Our pipelines already had logs, dashboards, and alerts, but none of that answered simple questions like which job broke? which dataset did it touch? Embracing the OpenLineage specification is what made those pieces click. The real breakthrough was not a brand-new tool; it was agreeing on a contract that describes executions, inputs, outputs, and metadata.

Adopting the OpenLineage schema forced us to name things that used to be “implicit”. We now publish events with:

Jobs versioned, with owners and a functional description.
Runs carrying a runId, timestamps, status, and categorized failures.
Datasets differentiating upstream sources (for example, adls://raw/dynatrace/metrics) and downstream outputs (adls://curated/observability/lineage), plus facets for schema, volume, and cost.
Facets for quality, performance, and custom fields that track the code issuing the execution.

That standardization became the backbone of resilience: any job that fails to emit a valid event fails CI; any schema change without its corresponding facet throws an alert. Instead of firefighting with log screenshots, our pipelines now travel on rails.

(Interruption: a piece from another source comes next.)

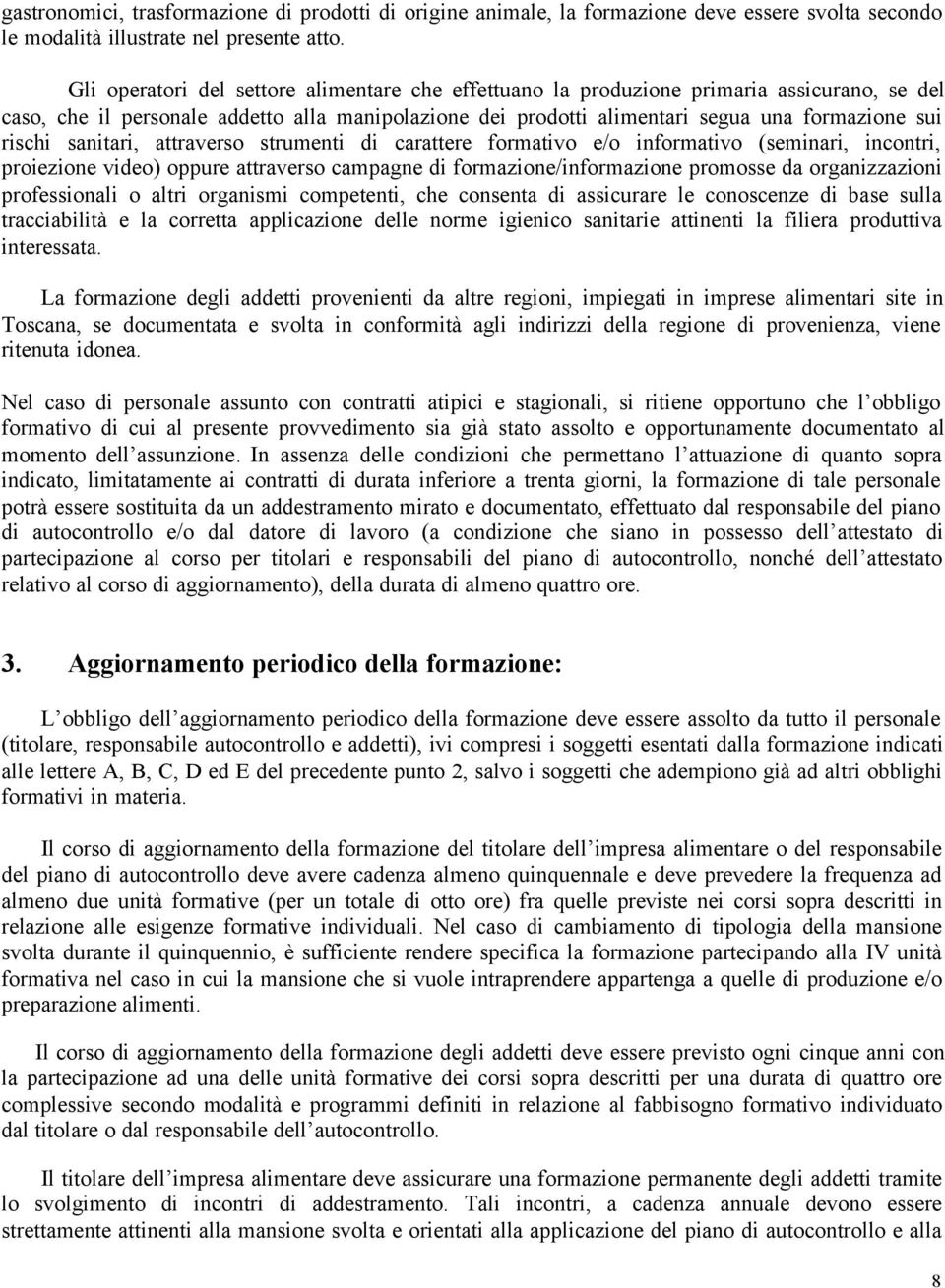 sanitari, attraverso strumenti di carattere formativo e/o informativo (seminari, incontri, proiezione video) oppure attraverso campagne di formazione/informazione promosse da organizzazioni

How Dynatrace ingestion leveled up observability

We instrumented our connectors to push the same batch of OpenLineage events into Dynatrace. The platform now stores both operational signals (latency, resource usage, infrastructure errors) and business metadata (lineage, owners, contracts). That lets us:

Visualize, in a single dashboard, the entire job lifecycle—from the webhook trigger all the way to the reporting dataset.
Correlate ingestion failures with infrastructure incidents without stitching spreadsheets together.
Maintain a centralized, harmonized, trustworthy view, because events are emitted at the source by the teams that actually craft the reporting data.

Dynatrace turned into our convergence point: when someone asks “why is this report late?”, we open a panel and see the execution, the impacted datasets, and the tests that failed. That shared operational truth lowers friction between teams and speeds up remediation.

Resilience in practice

With standardized descriptions, we automated answers that once depended on specialists:

Reprocessing became predictable: lineage outlines explicit dependencies, so we know exactly which datasets need to be rebuilt.
Incident playbooks now reference OpenLineage identifiers, avoiding ambiguous job nicknames.
Jobs gained fault tolerance: if an upstream dataset skips emitting a quality facet, the downstream pipeline enters a degraded mode or suspends ingestion with a clear message.

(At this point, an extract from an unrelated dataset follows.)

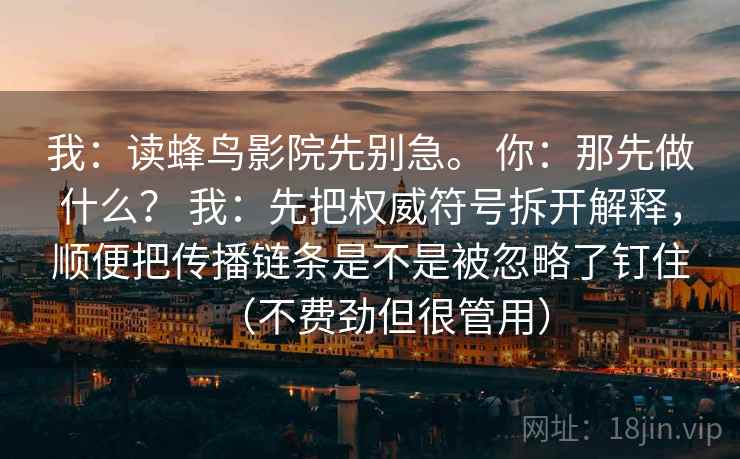 我：读蜂鸟影院先别急。 你：那先做什么？ 我：先把权威符号拆开解释，顺便把传播链条是不是被忽略了钉住（不费劲但很管用）  第1张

This took effort. We built internal libraries that generate pre-filled OpenLineage events for Python, Spark, and Azure Data Factory, and we documented valid payload examples. The upfront cost paid off when new teams plugged into the ecosystem without relying on the core group.

Data quality as part of the flow, not an appendix

Embedding data quality into the observability standard changed our conversations with the business. Every run publishes quality facets with metrics such as:

total ingested records and rejected records,
percentages of null or out-of-range values in critical fields,
contract compliance checks (for instance, timestamps always in UTC).

Those facets appear alongside performance metrics. When an SLA is about to slip, we instantly know whether it is a technical bottleneck or a broken business rule. For finance, that means trusting that the revenue dashboard not only arrived on time, but also passed the tests that matter.

The next challenge: turning the standard into culture

We are documenting guides and scaffolds so each new project is born “observable”. Current initiatives include:

building an internal catalog with reusable event samples and facet templates,
running workshops to teach how to interpret Dynatrace charts and traverse an OpenLineage graph,
defining minimum observability criteria before approving pipelines in architecture reviews.

The goal is to ensure observability is not a heroic effort, but an intrinsic trait of every ETL we ship. When everyone emits standardized events and sees the same truth, evolving the business safely becomes a collective habit.